TASK REQUIREMENTS: Beginning at the line containing "Apartamento à venda com", give again every line through the end of the data, unchanged and with both ends included. Drop any pictures.

+-------+

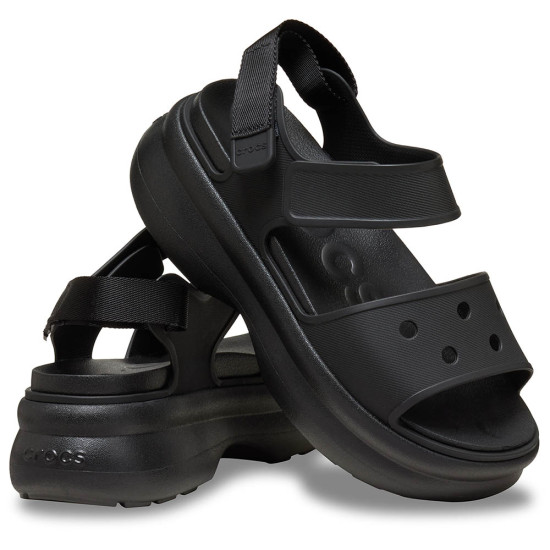 Crocs Soho Y Strap Sandal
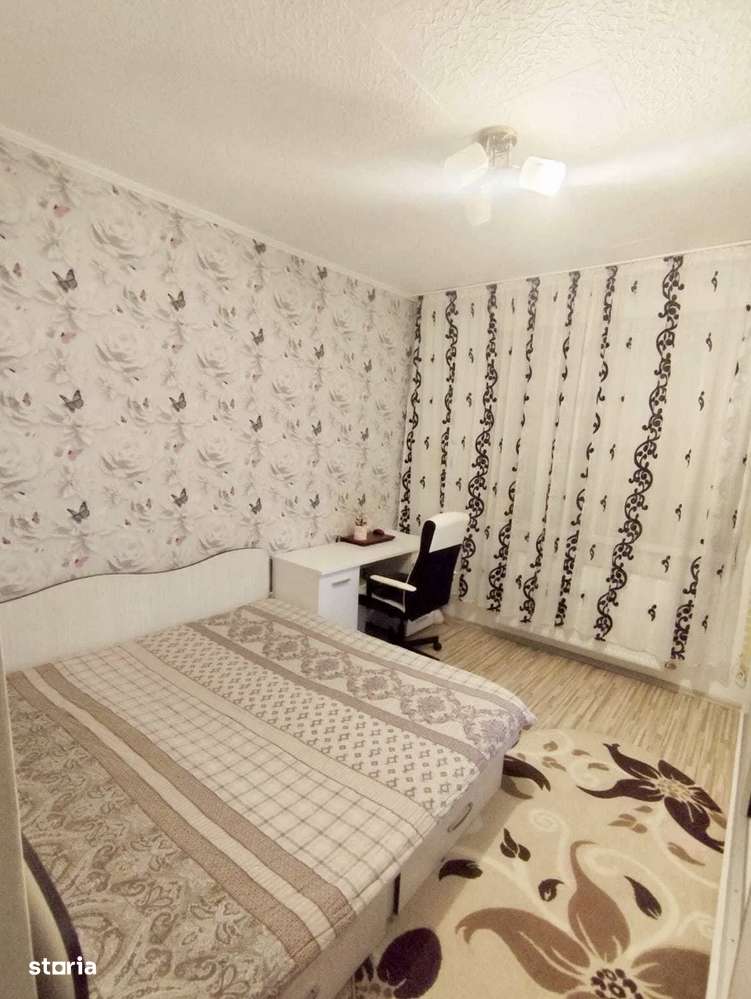 Apartament 2 camere | Amurgului |Popesti Leordeni - Imagine principală: 4/6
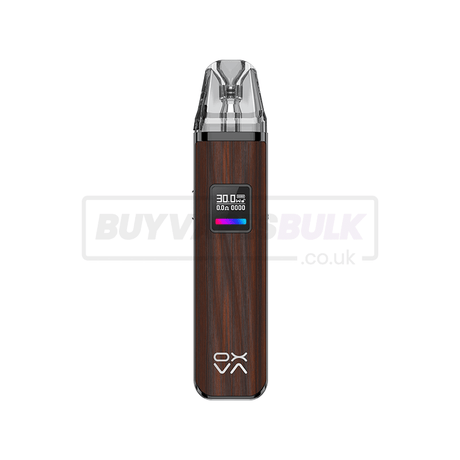 OXVA Xlim Pro Pod Kit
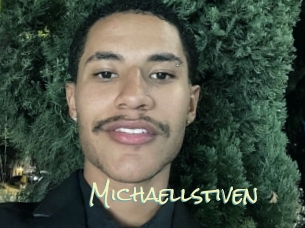 Michaellstiven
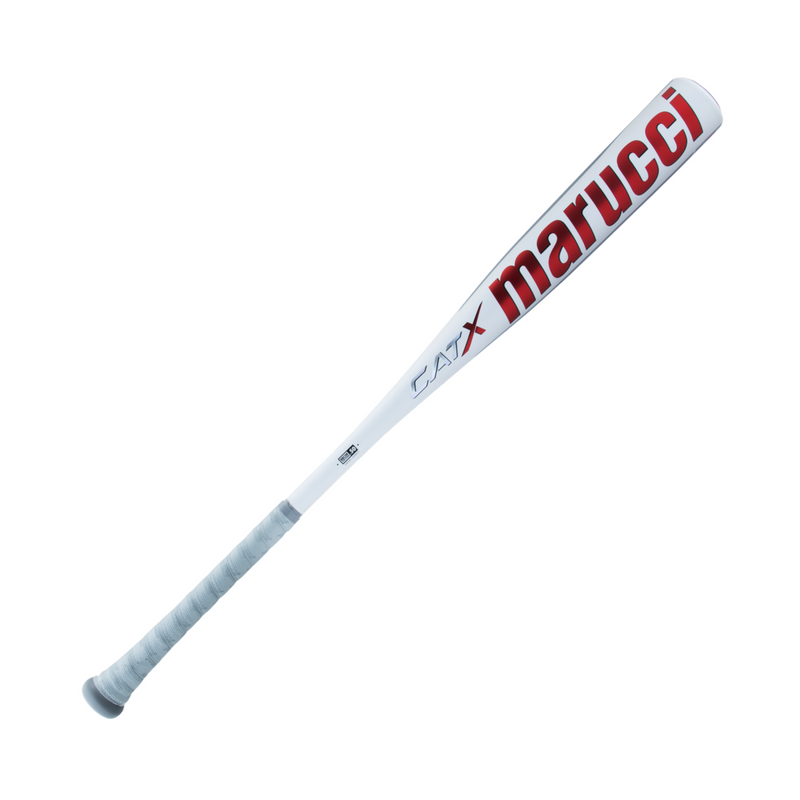 Marucci CATX BBCOR Baseball Bat (-3)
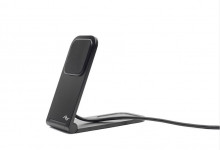 Peak Design  Wireless Charging Stand - Black  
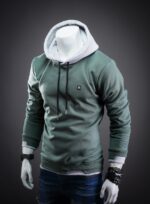 POLERA ALÍ - Imagen 2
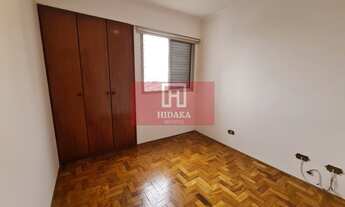 Imagem 5: Apartamento à venda no bairro Alto da Lapa - São Paulo/SP, Zona Oeste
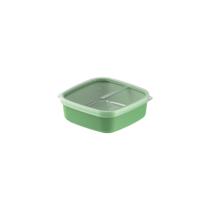 Pote mixcolor 1,1 L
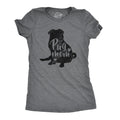 Funny Pug Dog Mom Shirt Cute Pug Owner Heart Love Tshirt Women Dog Gifts Under 20 Fitted Girls Pug Tee Dog Quote Shirts Mum Present Graphic Tee – Feel-Good Design · Top Pick For Any Outfit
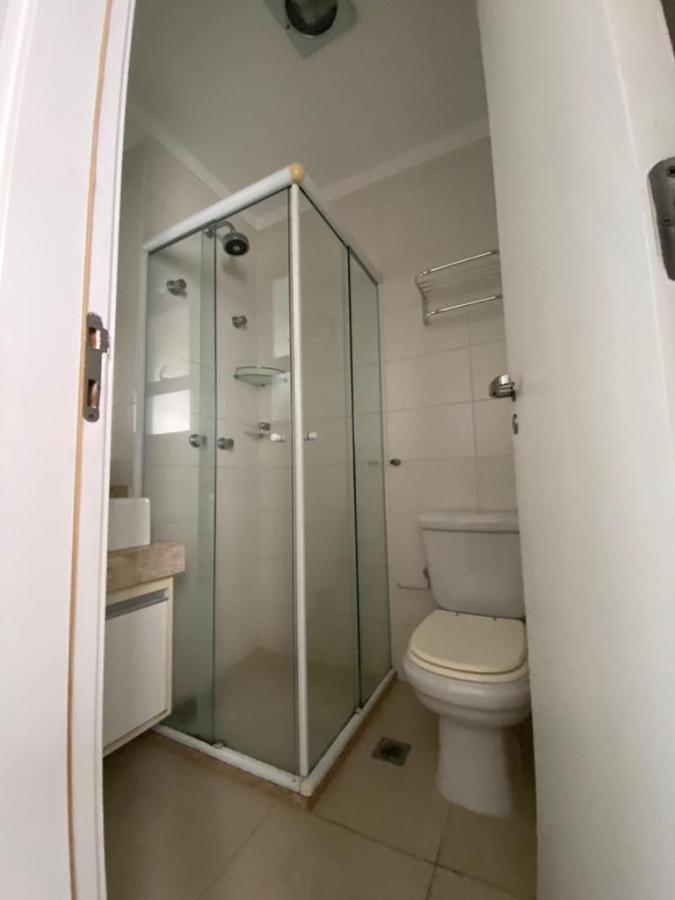 Apartamento à venda com 3 quartos, 123m² - Foto 24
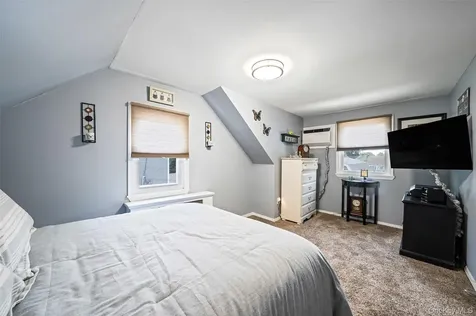 7 Farmedge Road Bethpage NY 11714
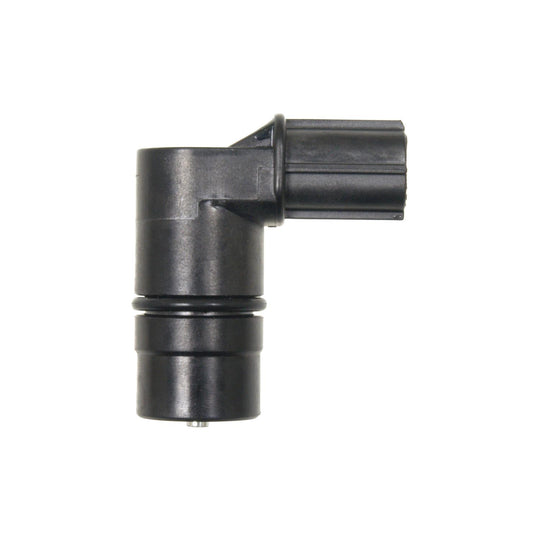 SC239 Standard Ignition Vehicle Speed Sensor Standard Ignition Canada
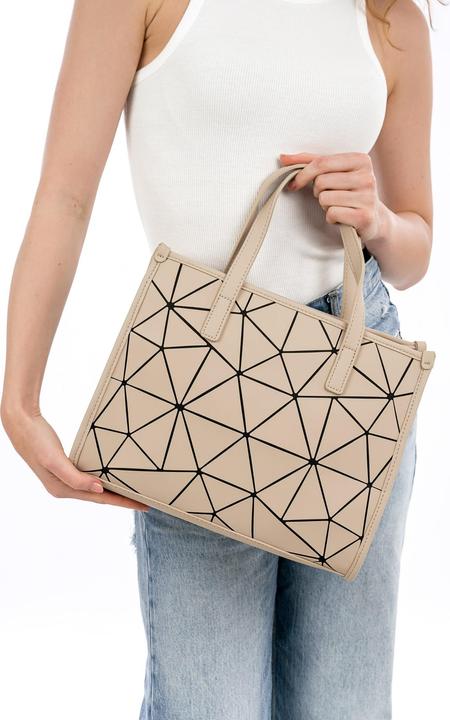Immagine prodotto Suri Frey Shopper SFY SURI Sports Jessy-Lu (0.01 l)
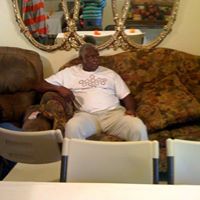 Robert Trimble Photo 47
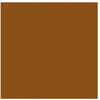 Artequipment TALENS REMBRANDT 40ML 411 - DEGINTA SIENA - universalūs aliejiniai dažai
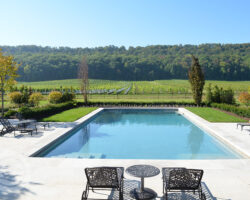 Gib-San-Residential-Geo-Trad-2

+-------+

FINISHED EXERCISE:
 Apartamento à venda com 3 quartos, 123m² - Foto 24
 7 Farmedge Road Bethpage NY 11714
 SC239 Standard Ignition Vehicle Speed Sensor Standard Ignition Canada
Immagine prodotto Suri Frey Shopper SFY SURI Sports Jessy-Lu (0.01 l)
 Robert Trimble Photo 47
 Artequipment TALENS REMBRANDT 40ML 411 - DEGINTA SIENA - universalūs aliejiniai dažai
 Gib-San-Residential-Geo-Trad-2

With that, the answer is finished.